From Wallwritings
President-elect Donald Trump posted several insensitive and ill-informed tweets against Congressman John L. Lewis on the Saturday before Martin Luther King, Jr.'s birthday.
The tweets displayed an ignorance of the facts about both Lewis's history of public service, and of the 5th congressional Georgia district Lewis has served since 1987.
They also displayed an indifference to a time when the nation pauses to honor Martin Luther King, Jr. Instead, our next president acted with a naughty child's petulance over a congressman's questioning of his election victory.
If Trump's staff and family allow him to keep his personal Twitter account, we can only assume our next president will display that same unfettered ignorance and insensitivity, for four years, through January 20, 2021.
What led to Trump's attacks on Lewis? Marlee Kokotovic reports on the site Nation of Change that in a television interview, Congressman Lewis said, "I think there was a conspiracy on the part of the Russians and others to help him get elected. That's not right. That's not fair. That's not the open democratic process."
Lewis added that he would not attend the Friday inauguration.
As of Sunday night, members of Congress who have stated they would also not attend Trump's inauguration are Representative John Conyers, Jr., of Michigan, Representatives Raul M. Grijalva of Arizona; Maxine Waters of California; Luis V. Gutie'rrez of Illinois; Katherine M. Clark of Massachusetts; William Lacy Clay of Missouri; Nydia M. Vela'zquez, Jerrold Nadler and Jose' E. Serrano of New York; Marcia L. Fudge of Ohio; Earl Blumenauer and Kurt Schrader of Oregon; and Mark Pocan of Wisconsin.

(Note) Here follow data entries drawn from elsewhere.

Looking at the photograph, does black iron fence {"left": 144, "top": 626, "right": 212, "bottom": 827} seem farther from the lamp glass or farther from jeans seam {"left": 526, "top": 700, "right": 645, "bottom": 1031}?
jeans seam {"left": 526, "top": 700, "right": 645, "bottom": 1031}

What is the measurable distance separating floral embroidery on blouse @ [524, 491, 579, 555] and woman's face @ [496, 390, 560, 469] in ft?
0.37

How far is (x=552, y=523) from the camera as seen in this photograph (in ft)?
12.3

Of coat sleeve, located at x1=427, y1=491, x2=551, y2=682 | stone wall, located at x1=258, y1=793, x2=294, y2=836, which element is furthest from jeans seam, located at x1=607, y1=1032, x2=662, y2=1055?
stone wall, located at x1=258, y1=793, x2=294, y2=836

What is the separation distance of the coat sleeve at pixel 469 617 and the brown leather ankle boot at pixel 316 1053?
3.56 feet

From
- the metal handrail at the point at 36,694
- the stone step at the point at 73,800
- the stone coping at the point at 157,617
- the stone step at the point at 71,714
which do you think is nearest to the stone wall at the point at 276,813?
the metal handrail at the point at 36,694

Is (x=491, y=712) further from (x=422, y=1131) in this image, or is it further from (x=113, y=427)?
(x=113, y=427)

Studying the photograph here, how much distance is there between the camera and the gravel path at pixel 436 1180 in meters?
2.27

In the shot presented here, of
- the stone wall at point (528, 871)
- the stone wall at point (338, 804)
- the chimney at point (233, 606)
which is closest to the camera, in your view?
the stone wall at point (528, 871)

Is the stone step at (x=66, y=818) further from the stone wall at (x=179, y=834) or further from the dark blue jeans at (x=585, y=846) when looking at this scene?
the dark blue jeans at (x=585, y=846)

Donald Trump could have responded to Lewis's interview by noting that Trump's election is legitimate because the Electoral College counted the votes of each state and declared it to be so.
Instead, Trump displayed both his immaturity and his inability to grasp just how inappropriate his attacks on Lewis were, by attacking Lewis on the weekend prior to King's birthday.

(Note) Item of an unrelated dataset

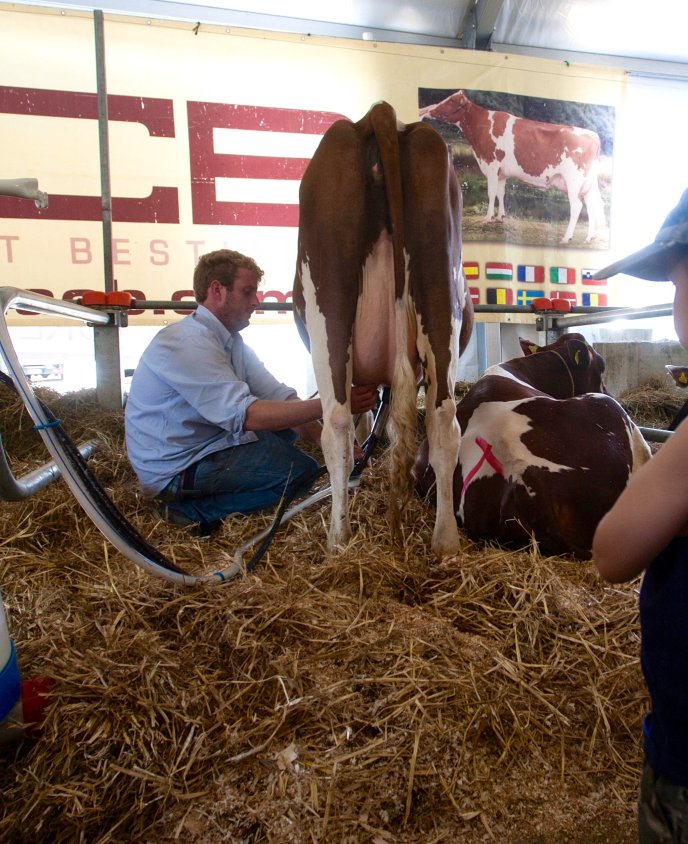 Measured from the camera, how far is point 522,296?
586cm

I know from personal experience how a temporary lack of maturity can expose anyone. As a young pastor in Georgia, I joined friends and family of a parishioner gathered in a living room. I engaged in a few words of banal social chit chat with the lady of the house.
Another church member finally turned to me and said, "You know why we are here, Reverend, her husband has just died." Of course I knew it.

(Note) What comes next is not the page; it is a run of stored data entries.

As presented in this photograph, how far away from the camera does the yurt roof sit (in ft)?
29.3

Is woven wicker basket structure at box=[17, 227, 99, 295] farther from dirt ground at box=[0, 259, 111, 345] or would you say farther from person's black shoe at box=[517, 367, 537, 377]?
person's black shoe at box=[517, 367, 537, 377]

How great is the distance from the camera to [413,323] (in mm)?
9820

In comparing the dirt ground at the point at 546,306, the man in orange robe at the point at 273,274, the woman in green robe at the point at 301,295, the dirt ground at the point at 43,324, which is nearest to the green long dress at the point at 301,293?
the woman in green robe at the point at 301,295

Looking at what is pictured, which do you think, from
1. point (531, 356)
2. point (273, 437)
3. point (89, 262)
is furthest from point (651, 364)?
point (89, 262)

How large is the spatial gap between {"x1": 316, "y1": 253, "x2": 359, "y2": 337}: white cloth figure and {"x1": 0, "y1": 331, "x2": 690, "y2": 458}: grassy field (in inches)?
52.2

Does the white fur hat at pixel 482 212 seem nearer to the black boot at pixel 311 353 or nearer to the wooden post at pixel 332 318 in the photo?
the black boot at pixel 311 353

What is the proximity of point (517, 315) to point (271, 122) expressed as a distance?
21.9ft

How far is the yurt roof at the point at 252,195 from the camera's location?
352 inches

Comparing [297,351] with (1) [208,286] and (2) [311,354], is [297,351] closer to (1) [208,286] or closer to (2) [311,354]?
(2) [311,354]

I mumbled a few words of condolence and sneaked away, permanently scarred with the dark memory of a moment when I failed to be present to others.
Donald Trump, in a far more significant moment, was not present for the nation he will soon lead. He attacked a civil rights icon on this King weekend.
We have seen no sign that he is even aware of the immaturity of those tweets. The only sign is a negative one; he canceled a Monday appearance at an African-American museum.